THE ORIGIN AND AUTHORSHIP OF THE BANCROFT PACIFIC STATES PUBLICATIONS: A HISTORY OF A HISTORY.—I.

By William Alfred Morris.

The true student of history, when confronted for the first time with a statement of what purports to be an historical fact, weighs at the outset, as all-important, the evidence of its accuracy. If there be at hand no means of verifying the statement, the only ground of assurance is a knowledge of who is speaking, how likely he is to know the truth, and how well fitted he is to tell it; for to be a writer of accurate history one must not only know facts, but must also be truthful, and so far above bias upon his subject as to be able to treat it fairly, openly, and without false coloring of any part. It is therefore the first canon of historical criticism to accept as authority no statement unless it be known who is making that statement.

The greater our interest in a given subject, the more important to us becomes the question of the authority for all statements concerning that subject. As the field of history is narrowed down to a single state or to a single locality, where every man may to a certain extent be an historian, an anonymous written account, though excellent in itself, will still be viewed with suspicion. The fact that there is a good local knowledge of the subject by no means removes the necessity of determining authorship.

Fortunate it is for the Pacific States and Territories of the United States that data concerning their history from its beginning were collected during the lifetime of men who laid the foundations of these commonwealths. It is then a matter of the highest importance to the people of this vast empire to know who wove this material together, and wrote the only attempt at a full and connected history of the Pacific Coast which has ever been published.

The completion of the Bancroft series of Pacific Slope histories, to which reference is here made, marks an event unique in the annals of history writing. At no other time and in no other land has there been carried to completion a work of like character and magnitude.
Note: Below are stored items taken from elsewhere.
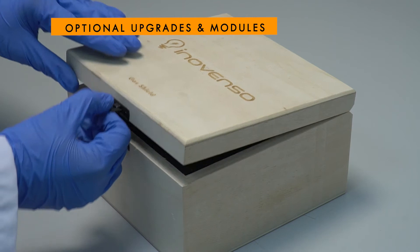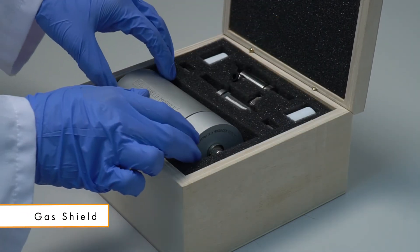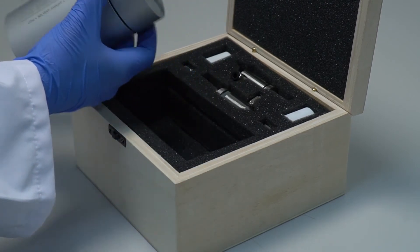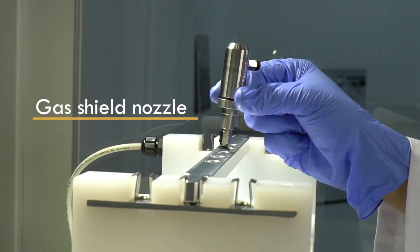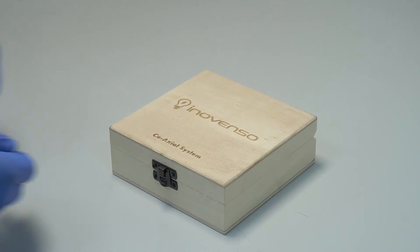In addition to this, the machine has optional modules such as the gas shield, where you can connect your gas pump or your laboratory gas tank to allow the jets to be infused with additional pressurized air.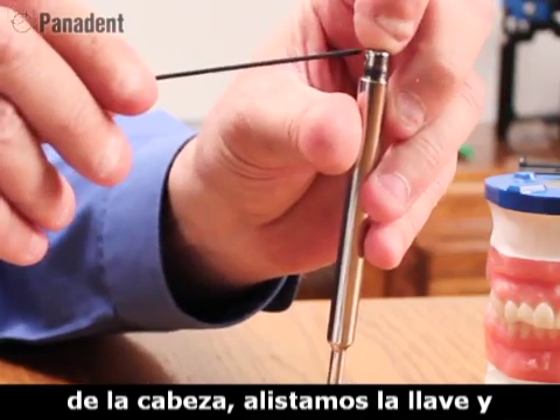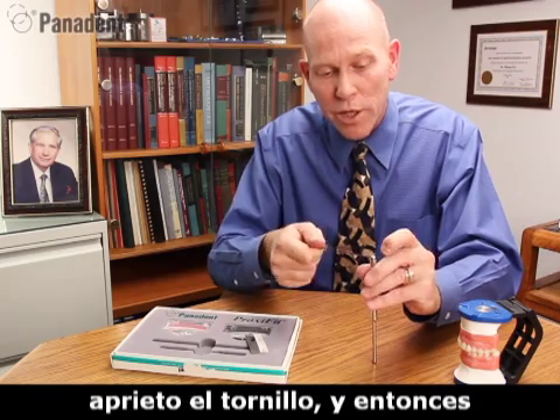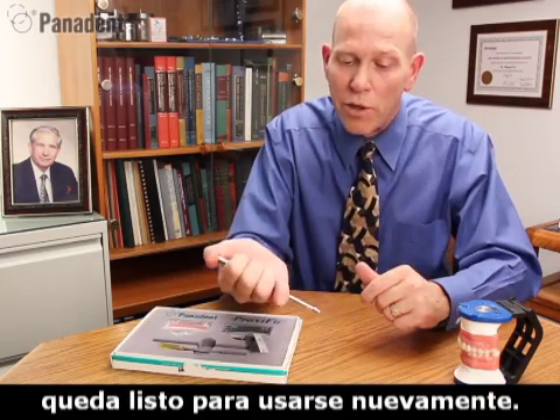Then we add the spring, and then we add the button head to it. I get the wrench ready, then I push down until I feel the plunger at the top of the button, and tighten the set screw. And now we're ready to go again.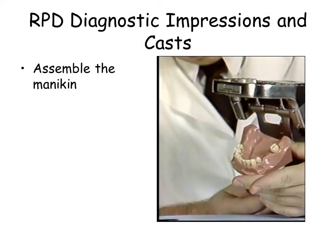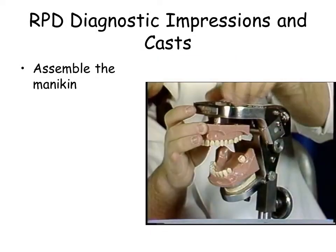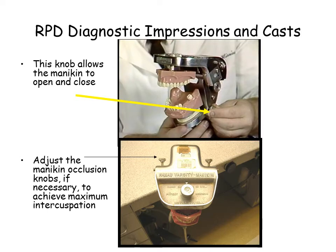Obtain a mannequin head from the core laboratory. It is important to use the same mannequin for all the exercises. Observe the knobs, which allow the mannequin to open and close as well as to adjust the mannequin occlusion.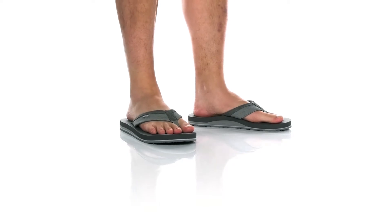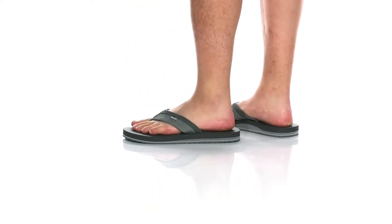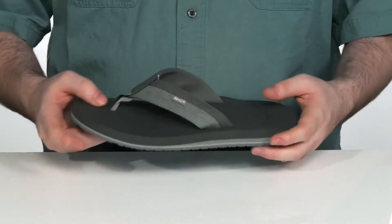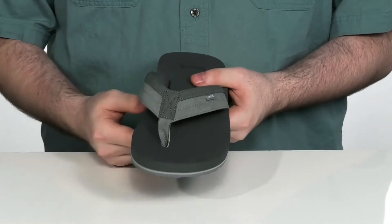This is a water-friendly and grippy flip-flop, ready for those summer days with its durable synthetic upper. The straps are lined with a little bit of jersey to keep them super comfortable, with a durable toe post to keep them all together.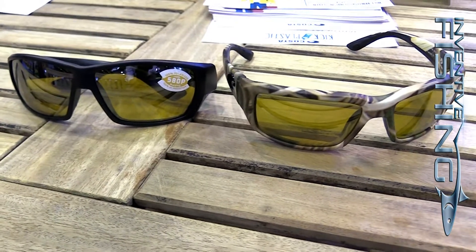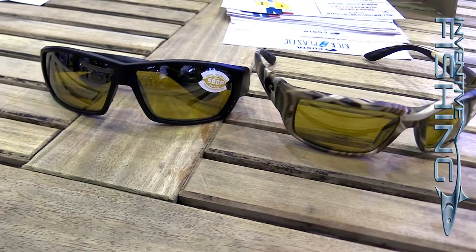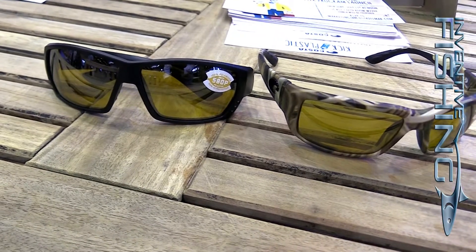That can be early mornings, evenings, or overcast when the light is still reflective but at a lower level. This particular lens color comes in a sunrise color that's sort of a yellowish hue — it really helps brighten the low light conditions — and it will come in a number of frame styles that you can pick to whatever suits your face.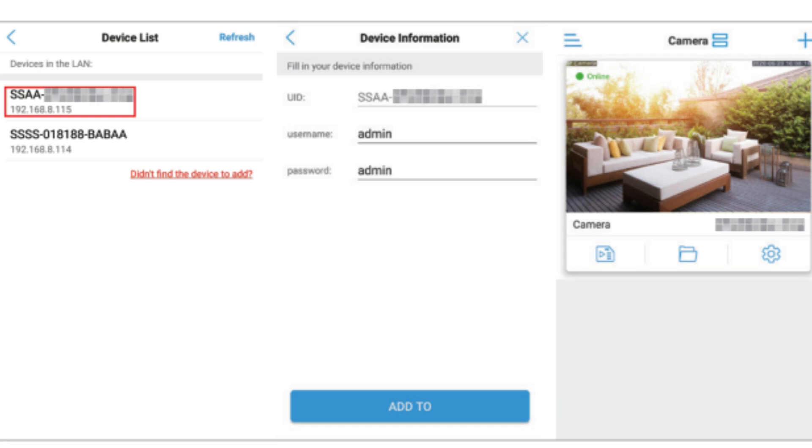Now, type the username and password. The default username and password is admin. At last, select the Add to option. The wired installation process is completed.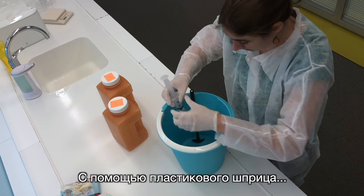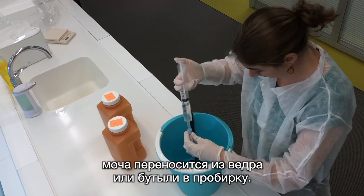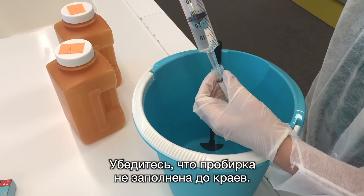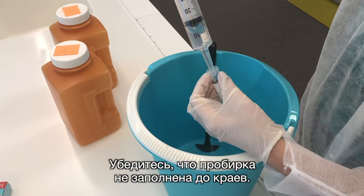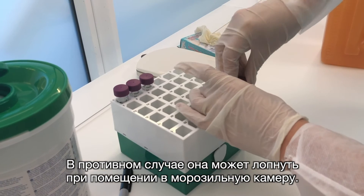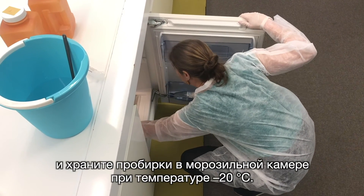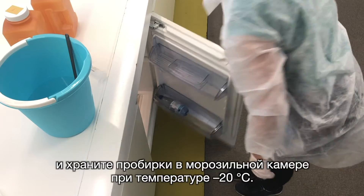The urine is removed from the bucket or bottle using the plastic syringe and transferred to a test tube. Make sure that the test tube is not filled to the brim, otherwise it might break when stored in the freezer. Close the test tube with a screw cap and store the test tubes in a freezer at minus 20 degrees Celsius.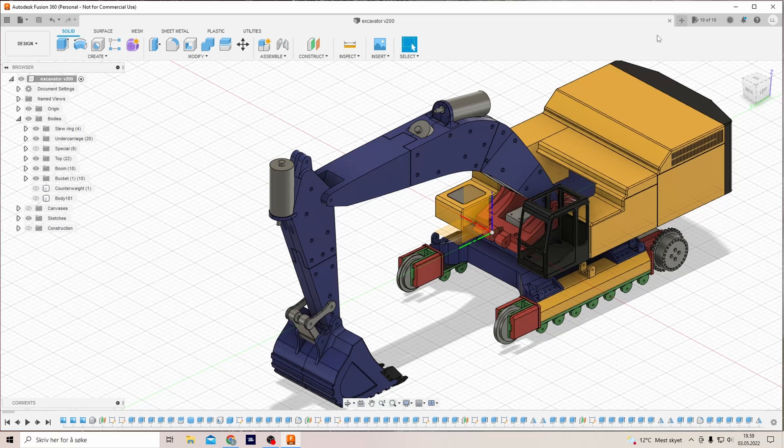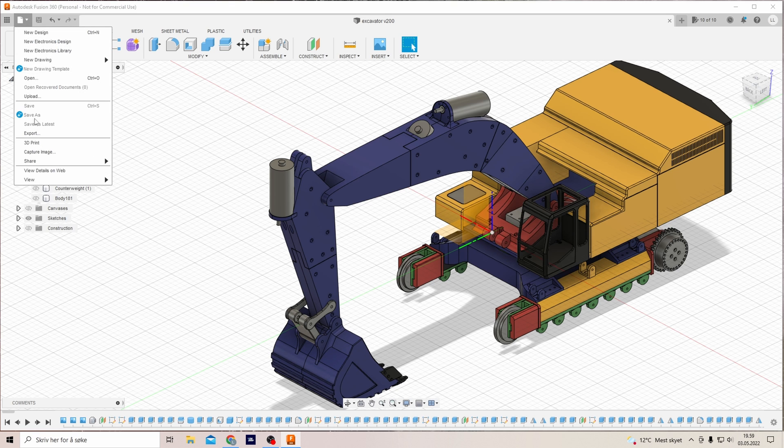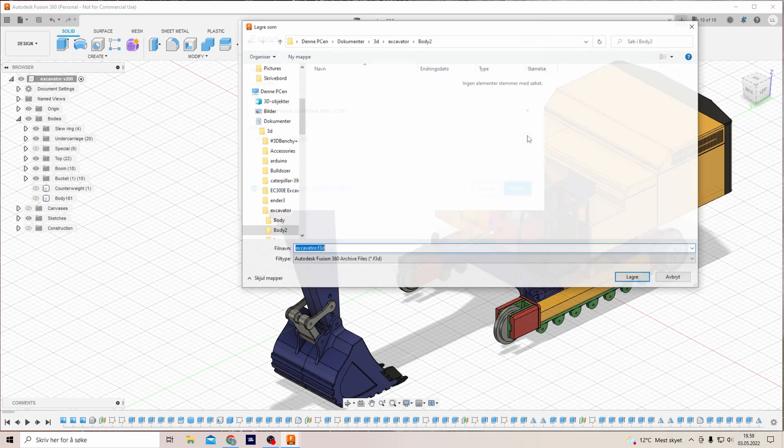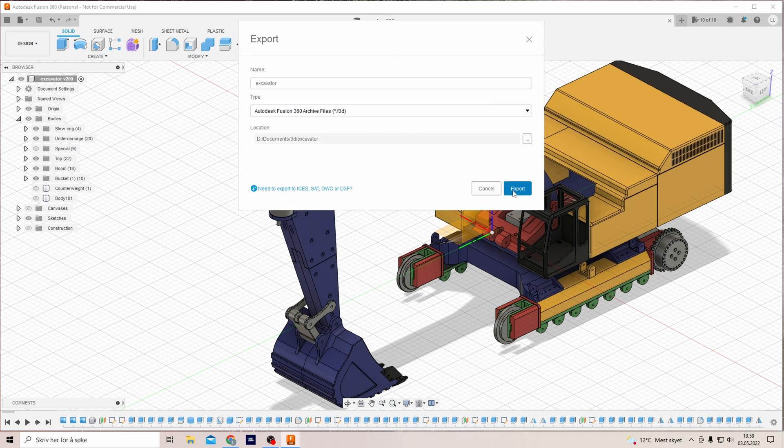500 subscribers? I can't believe it! And as promised, here are all the project files — or source files, or whatever you like to call them — for the excavator. So let's just export it. So there it is, links in the description.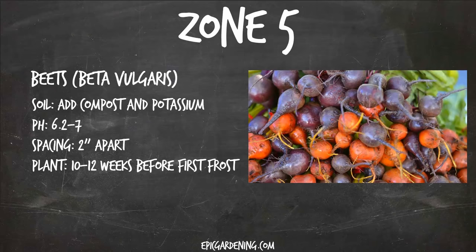Zone five — beets, or beta vulgaris. Beets are slightly heavy feeders. They need a lot of potassium to produce, and they also need a loose soil because they are a root crop. So you don't want any rocks or heavy bits of compost getting in their way. Make sure that you loosen up that soil and make it nice and friable. They need a 6.2 to 7 pH. You can space them relatively close, and plant them 10 to 12 weeks before the first frost. In zone five, if you plant right about now, you'll have enough time to squeeze these in.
There had previously been written a few histories of Oregon and California covering a certain period, and designed chiefly to give a treatment of a certain institution or political subject, but so far as the thorough working up of the whole ground was concerned, a virgin field presented itself.

Moreover, the undertaking was an unusually inspiring one. It was none other than that of tracing from the days when Europeans first trod the Pacific shores of America the sequence of events by which these lands were acquired and occupied by their present holders, political governments organized, and the development of resources entered upon; in short, it was the following up of the successive steps by which the institutions and industries of a nineteenth century civilization were established in a western wilderness. When we remember that the greater part of this record could at the time of writing be made from information furnished directly by the men who made this history, and that the lack of material which so often embarrasses the writer could not here be a cause of complaint, we may well conclude that such an opportunity had never before fallen to the lot of the historian.